[Exercise data — start]

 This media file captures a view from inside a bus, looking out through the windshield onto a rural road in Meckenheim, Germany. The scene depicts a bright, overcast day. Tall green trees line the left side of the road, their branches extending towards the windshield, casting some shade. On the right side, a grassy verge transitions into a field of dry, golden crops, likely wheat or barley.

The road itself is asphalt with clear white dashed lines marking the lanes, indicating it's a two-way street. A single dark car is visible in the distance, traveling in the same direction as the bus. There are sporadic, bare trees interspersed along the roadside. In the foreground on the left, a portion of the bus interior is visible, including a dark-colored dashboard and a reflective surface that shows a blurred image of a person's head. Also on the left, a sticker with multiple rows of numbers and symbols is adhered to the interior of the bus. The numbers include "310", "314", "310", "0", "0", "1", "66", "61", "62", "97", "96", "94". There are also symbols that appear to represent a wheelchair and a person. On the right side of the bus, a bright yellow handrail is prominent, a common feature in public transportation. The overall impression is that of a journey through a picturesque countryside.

[Exercise data — finish]
[Exercise data — start]

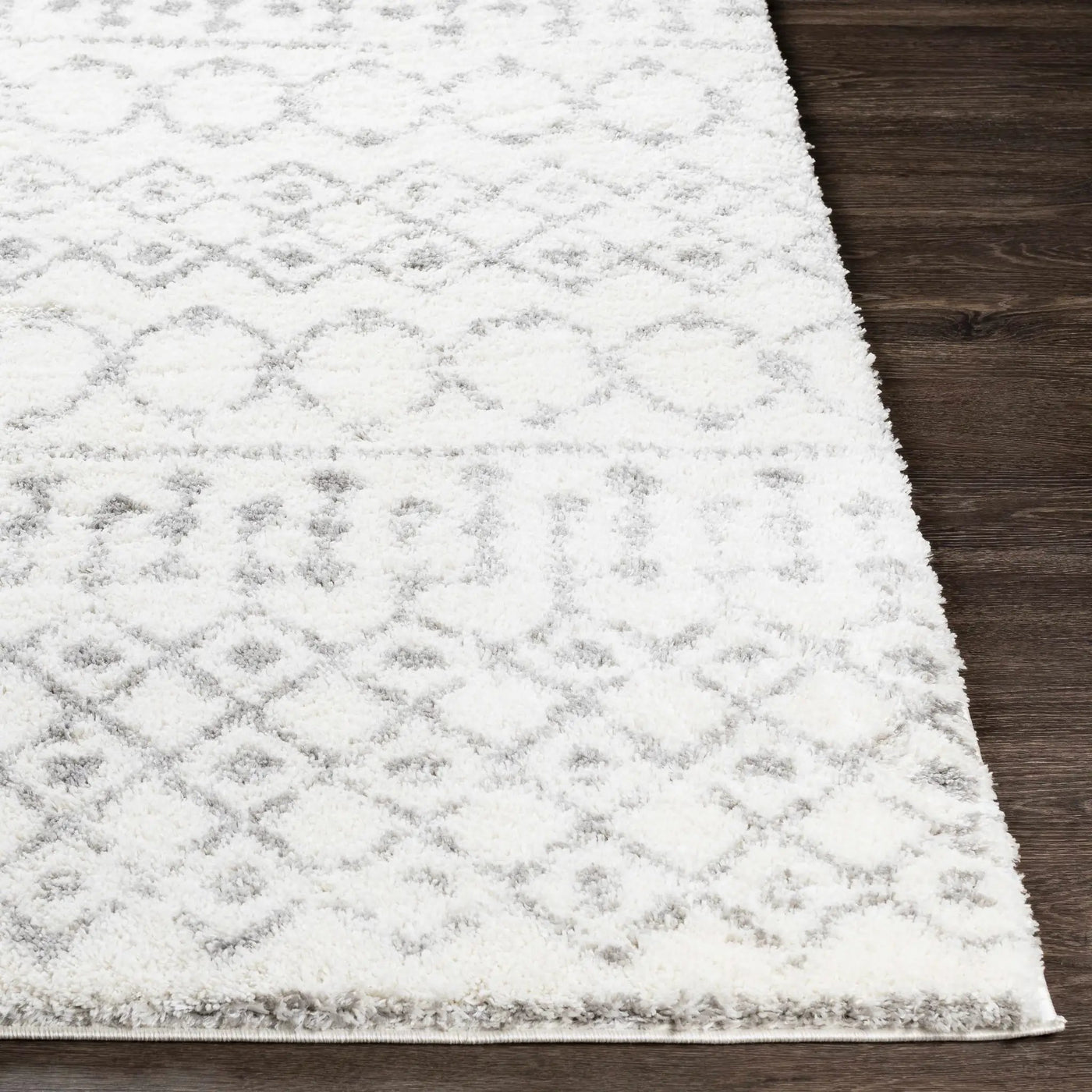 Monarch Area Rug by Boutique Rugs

[Exercise data — finish]

» Activity
Report how many lines in the listing above contain the string "right", giving the number alone.

» Solution for this task
2